Wind weht Dinge vor sich her, wie etwa feinen Sand am Strand, der als dünne Schicht handbreit über dem Boden eine dünne Schicht bildet und er bewegt Wasseroberflächen, vom leichten Kräuseln bis hin zu hohen Wellen, die sich mit weißen Schaumkronen aufbäumen.
Wind treibt Segelboote, Großsegler oder Strandsegler vorwärts und lässt Drachen steigen, einfache kleine wie lenkbare große oder solche, von denen sich Surfer durch die Wellen ziehen lassen.
Wind lässt Ballons durch die Luft fliegen (die kleinen) oder durch die Luft fahren (die großen mit Gondeln).
Nicht zu vergessen: Wind dreht Windräder in Kinderhänden und Rotoren von Windkraftanlagen, und dann sind da natürlich die Wolken am Himmel.
Ihre Formen können so unterschiedlich sein, dass man Bildbände füllen möchte, von den zarten Schleier- über die lustigen Schäfchen- bis zu den dicken Haufenwolken, von den weißen bis zu den dräuend grauen bei denen man sofort überlegt, wo man den Regenschirm hat stehen lassen. Wind lässt sie manchmal ruhig vor sich hin gleiten und jagt sie manchmal ungestüm vor sich her.
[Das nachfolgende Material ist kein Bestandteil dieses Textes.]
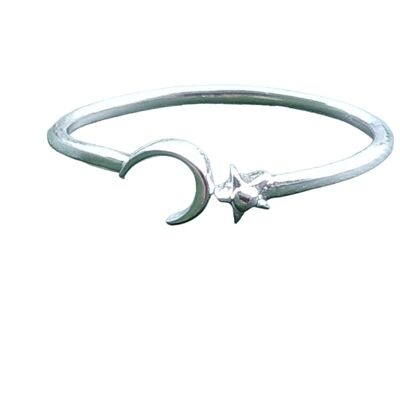 Verstellbarer Ring aus 925er-Sterlingsilber mit Halbmond und Stern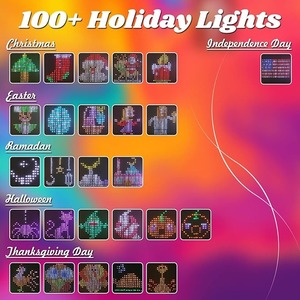 カーテンライト円形ライトプログラミング音楽同期アニメーションLEDカーテンストリングライト寝室の壁 - Product Image 2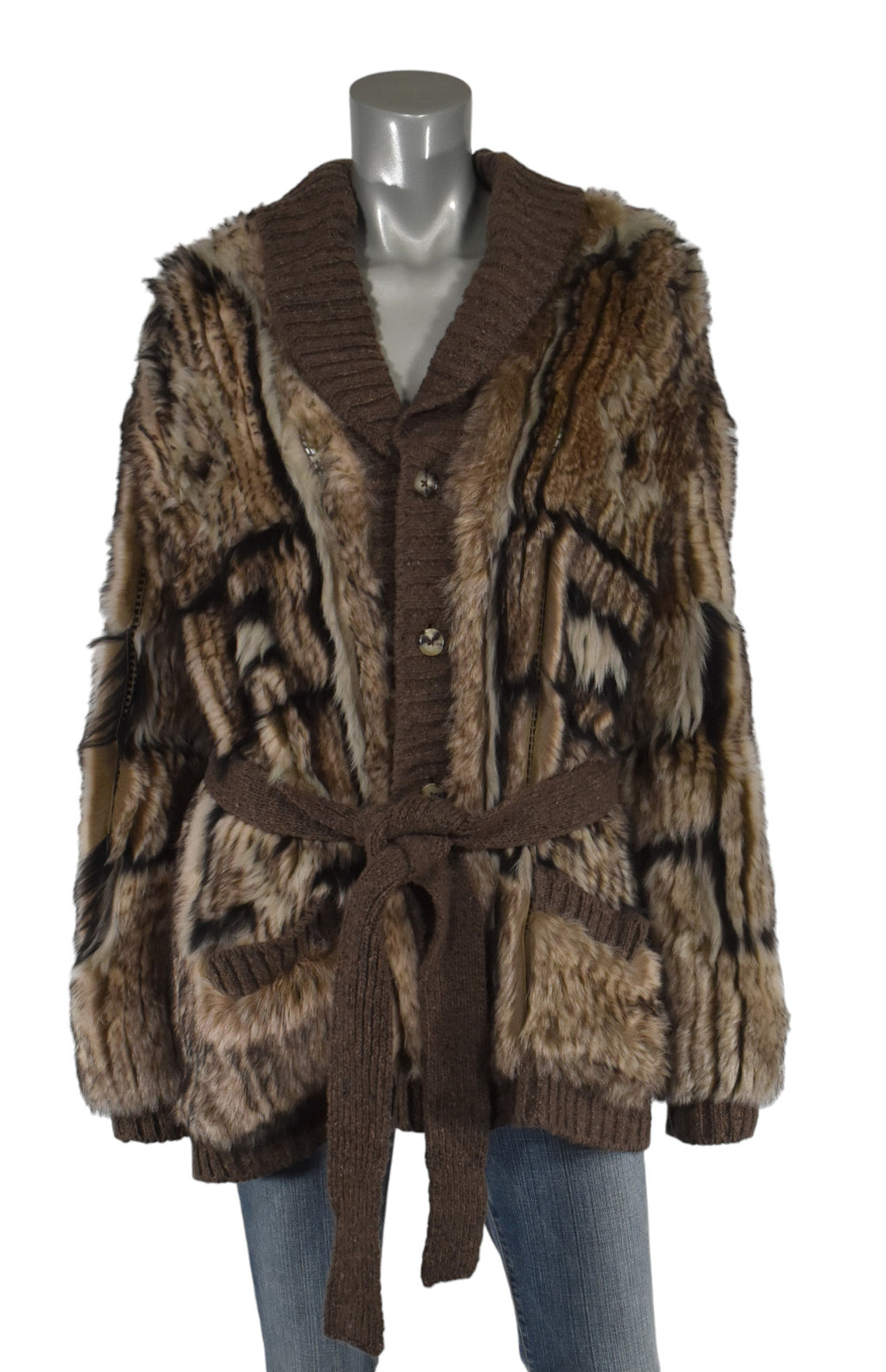 Women's Ralph Lauren Purple Label Lamb Shearling Belted Coat Jacket L New $4990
Wind bietet also eine Vielzahl von Motiven, die man mit jeder Ausrüstung einfangen kann – obwohl natürlich manche Ausrüstung besser geeignet ist, als andere.
Wichtig ist für manche Windbilder, dass man eine lange Verschlusszeit vorgeben kann, um die Bewegung, die der Wind hervorruft, durch Wischeffekte im Bild sichtbar zu machen. In diesem Zusammenhang ist auch ein anderes Ausstattungsdetail von Vorteil: ein Filtergewinde, denn um passend lange Verschlusszeiten zu erzielen, braucht man mitunter einen Graufilter.
Damit diese langen Verschlusszeiten zu unverwackelte Aufnahmen führen, sollte ein Stativ zur Ausrüstung gehören (aber es sollte ohnehin zu jeder Ausrüstung gehören und auch genutzt, und nicht nur im Kofferraum spazieren gefahren werden).
Bis zu einem gewissen Grad kann man natürlich auch die Möglichkeiten des Bildstabilisators in der Kamera oder im Objektiv nutzen, um zwei, drei, vier Verschlusszeitenstufen gut zu machen.
Zum Schluss: Besonders, wenn ein frischer Herbst- oder Winterwind weht, bleibt man natürlich gern im warmen Wohnzimmer, aber Bilder, die den unsichtbaren Wind zeigen, kann man nur draußen machen. Also warm anziehen, raus gehen und fotografieren!